J Psychosom Res. 2006 Jun;60(6):567-73.

Coping styles in people with chronic fatigue syndrome identified from the general population of Wichita, KS.

Nater UM, Wagner D, Solomon L, Jones JF, Unger ER, Papanicolaou DA, Reeves WC, Heim C.

Viral Exanthems and Herpesvirus Branch, Division of Viral and Rickettsial Diseases, National Center for Infectious Diseases, Centers for Disease Control and Prevention, Atlanta, GA, USA.

OBJECTIVE: Studies of primary and tertiary care patients suggest that maladaptive coping styles contribute to the pathogenesis and maintenance of chronic fatigue syndrome (CFS). We assessed coping styles in persons with unexplained fatigue and nonfatigued controls in a population-based study.

METHODS: We enrolled 43 subjects meeting the 1994 Research Case Definition of CFS, matching them with 61 subjects with chronic unexplained fatigue who did not meet criteria for CFS [we term them insufficient symptoms or fatigue (ISF)] and 60 non-ill (NI) controls. Coping styles and clinical features of CFS were assessed using standard rating scales.

RESULTS: Subjects with CFS and ISF reported significantly more escape-avoiding behavior than NI controls. There were no differences between the CFS and ISF subjects. Among participants with CFS, escape-avoiding behavior was associated with fatigue severity, pain, and disability.
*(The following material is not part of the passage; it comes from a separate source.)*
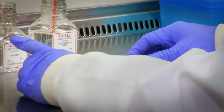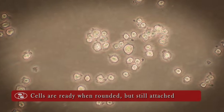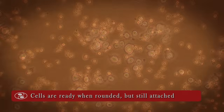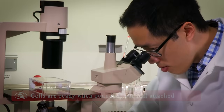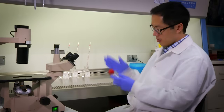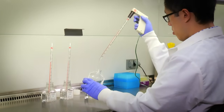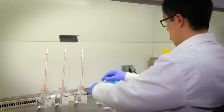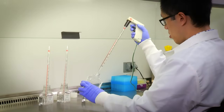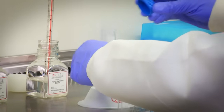Recap the flask tightly and monitor the trypsinization process at room temperature under an inverted microscope. Watch the cells become rounded while they are still attached to the flask — this may be about 1 to 2 minutes after the trypsin EDTA was added. Do not over-trypsinize by waiting for the cells to detach. Instead, detach the rounded cells by hitting the side of the flask against your palm. Pipet 5 ml of trypsin neutralizing solution into the flask to inhibit further trypsin activity. Transfer the cell suspension from the flask to a 50 ml sterile conical tube.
CONCLUSIONS: We demonstrate significantly higher reporting of maladaptive coping in a population-based sample of people with CFS and other unexplained fatiguing illnesses defined by reproducible standardized clinical empirical means in comparison to NI controls.
Am J Med. 2005 Dec;118(12):1415.

Orthostatic instability in a population-based study of chronic fatigue syndrome.
Jones JF, Nicholson A, Nisenbaum R, Papanicolaou DA, Solomon L, Boneva R, Heim C, Reeves WC.

Division of Viral and Rickettsial Diseases, National Center for Infectious Diseases, Centers for Disease Control and Prevention, Atlanta, Ga 30333, USA.

Comment in:

Am J Med. 2007 Mar;120(3):e13.


PURPOSE: Autonomic nervous system dysfunction has been suggested as involved in the pathophysiology of chronic fatigue syndrome. This population-based case control study addressed the potential association between orthostatic instability (one sign of dysautonomia) and chronic fatigue syndrome.
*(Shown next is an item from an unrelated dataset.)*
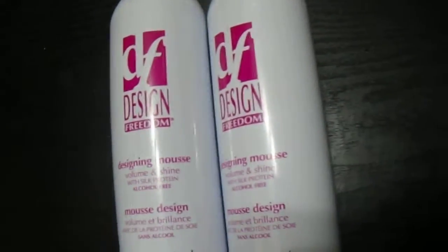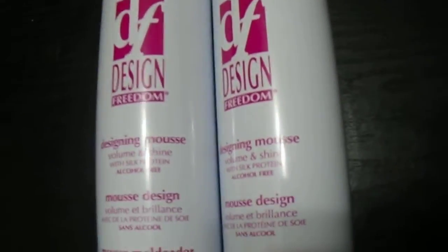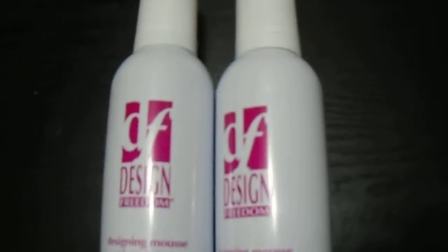Hi guys, we have here the Design Freedom Designing Mousse Volume and Shine with Silk Protein, 304 ml, 10.5 ounces. Great quality product, alcohol free with Silk Protein.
SUBJECTS AND METHODS: Fifty-eight subjects who fulfilled criteria of the 1994 chronic fatigue syndrome research case definition and 55 healthy controls participated in a 2-day inpatient evaluation. Subjects had been identified during a 4-year population-based chronic fatigue syndrome surveillance study in Wichita, Kan. The present study evaluated subjects' current medical and psychiatric status, reviewed past medical/psychiatric history and medication use, used a stand-up test to screen for orthostatic instability, and conducted a head-up tilt table test to diagnose orthostatic instability.
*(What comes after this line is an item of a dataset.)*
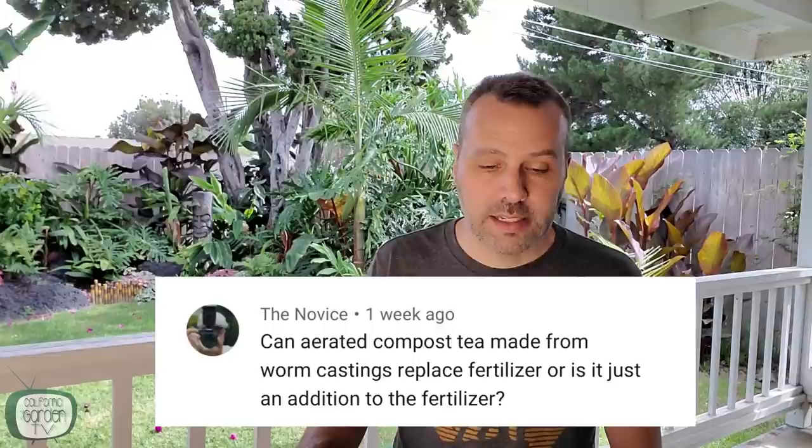The Novice asks: can aerated compost tea made from worm castings replace fertilizer, or is it just an addition? This is similar to what I talked about with compost. Compost tea and worm castings build the soil — they don't feed the plant necessarily, but they build the soil. There's humate in there, which is also in the Neptune's Harvest tomato and veg formula. It's basically feeding the microbes and all the good bacteria in the soil. With that, you can actually get away with less fertilizer because the microbes and microorganisms are the middleman between the nutrients and the plant — the nutrients are taken by microorganisms and ushered into the roots. So the more compost tea you have in there, the less fertilizer you're going to need.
RESULTS: No one manifested orthostatic instability in the stand-up test. The head-up tilt test elicited orthostatic instability in 30% of eligible chronic fatigue syndrome subjects (all with postural orthostatic tachycardia) and 48% of controls (50% with neurally mediated hypotension); intolerance was present in only nonfatigued (n=7) subjects. Neither fatigue nor illness severity were associated with outcome.

CONCLUSIONS: Orthostatic instability was similar in persons with chronic fatigue syndrome and nonfatigued controls subjects recruited from the general Wichita population. Delayed responses to head-up tilt tests were common and may reflect hydration status. These findings suggest reappraisal of primary dysautonomia as a factor in the pathogenesis of chronic fatigue syndrome.